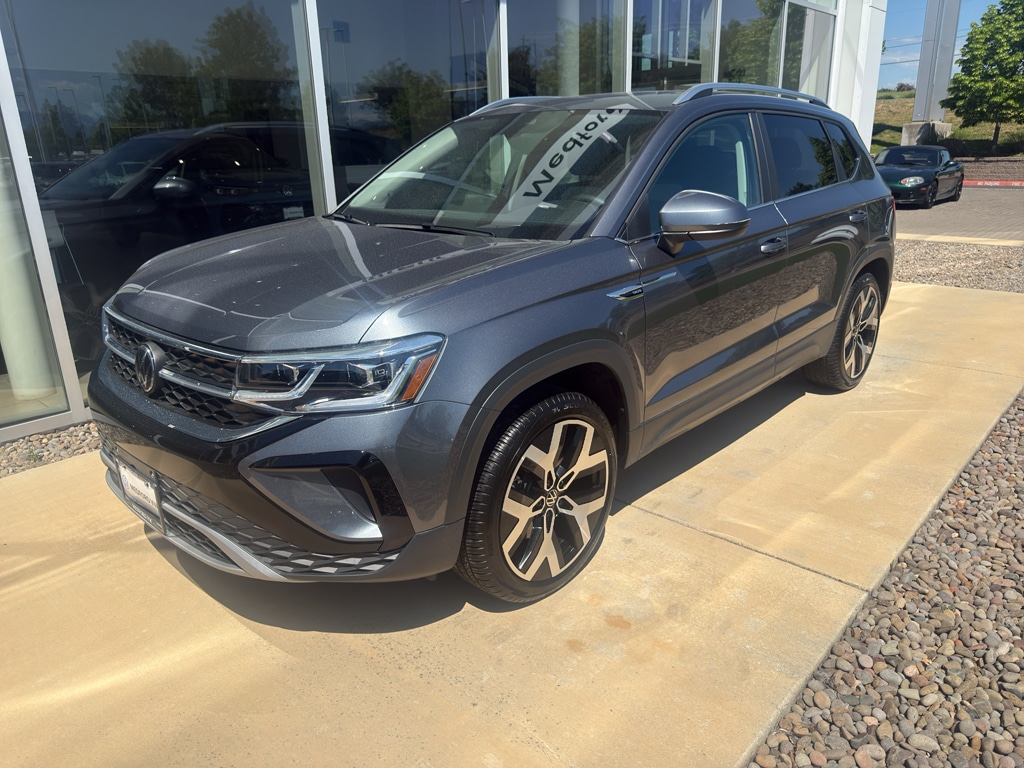 2023 Volkswagen Taos 1.5T SEL 4Motion's photo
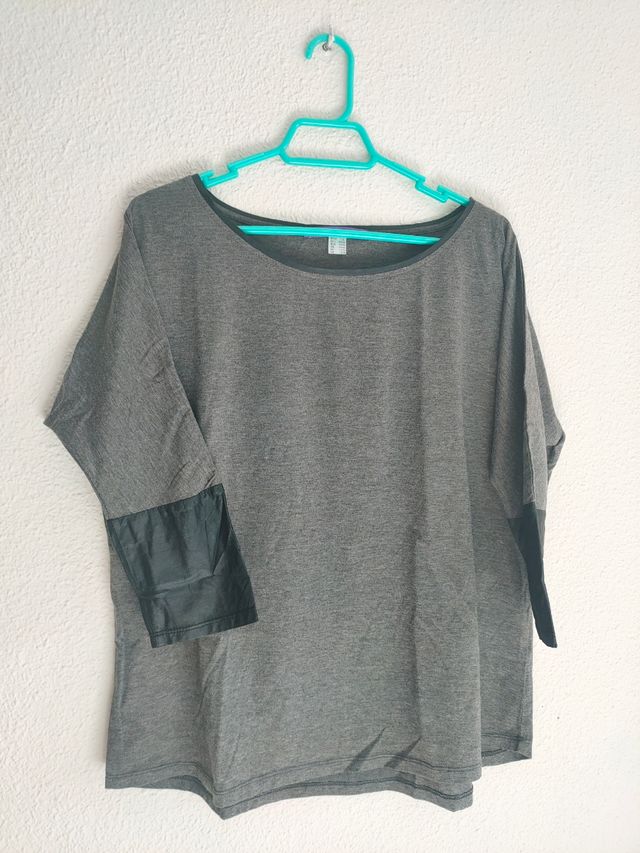 Camiseta con manga murciélago.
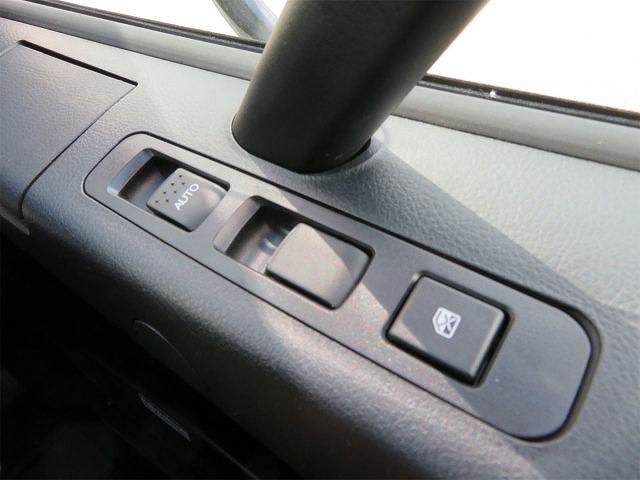 三菱ふそうファイタークレーン4段中型（4t）[写真18]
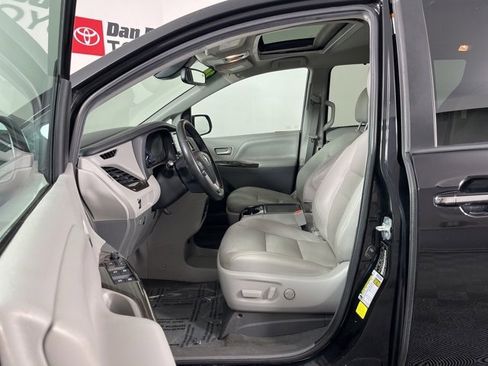 Used 2020 Toyota Sienna XLE image 3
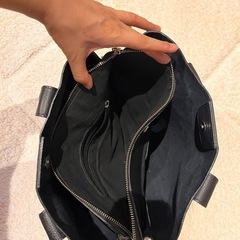 イタリアデザインの本革　バッグの画像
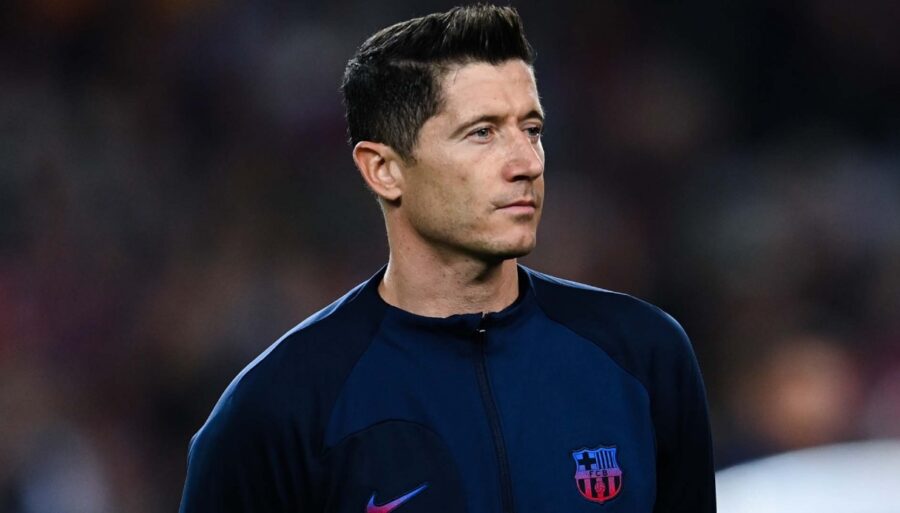 Robert Lewandowski recibe un penalti a pocos días del Mundial
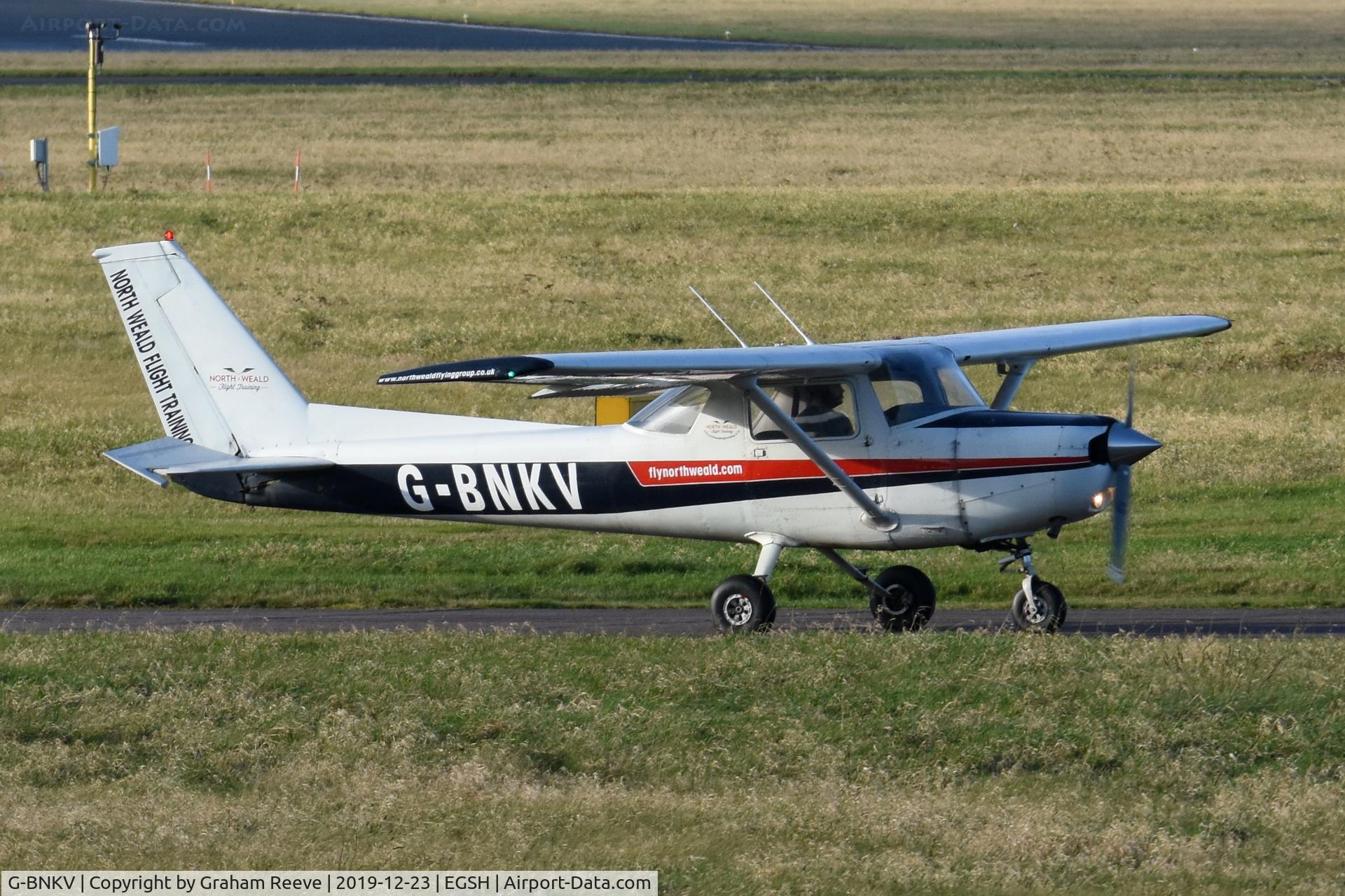 G-BNKV, 1979 Cessna 152 C/N 152-83079, Departing from Norwich.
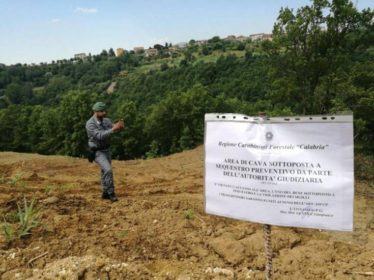 Disboscata area alle porte di Cosenza, cava sotto sequestro (FOTO E VIDEO) 57 sequestro cava1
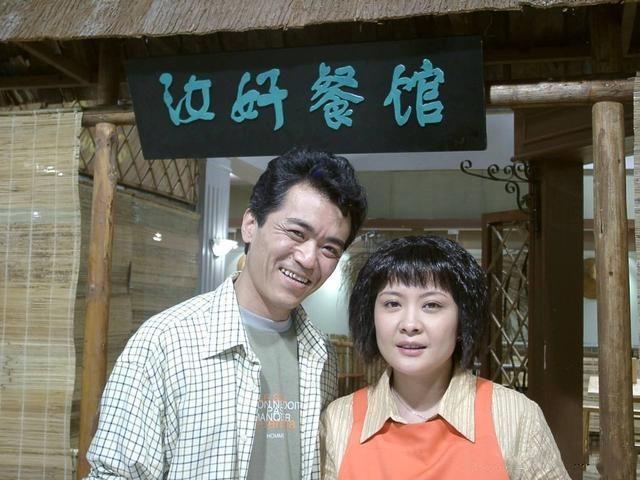 二嫂"残鸡婵"苏妙婵真名为虎艳芬,真实老公是大哥"康祈光"苏志丹.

ASSIGNMENT →
Restate word for word the lines beginning with the one that contains "Disboscata area alle" and ending with the last line of the listing; pictures stay out.

TASK SOLUTION →
 Disboscata area alle porte di Cosenza, cava sotto sequestro (FOTO E VIDEO) 57 sequestro cava1
 二嫂"残鸡婵"苏妙婵真名为虎艳芬,真实老公是大哥"康祈光"苏志丹.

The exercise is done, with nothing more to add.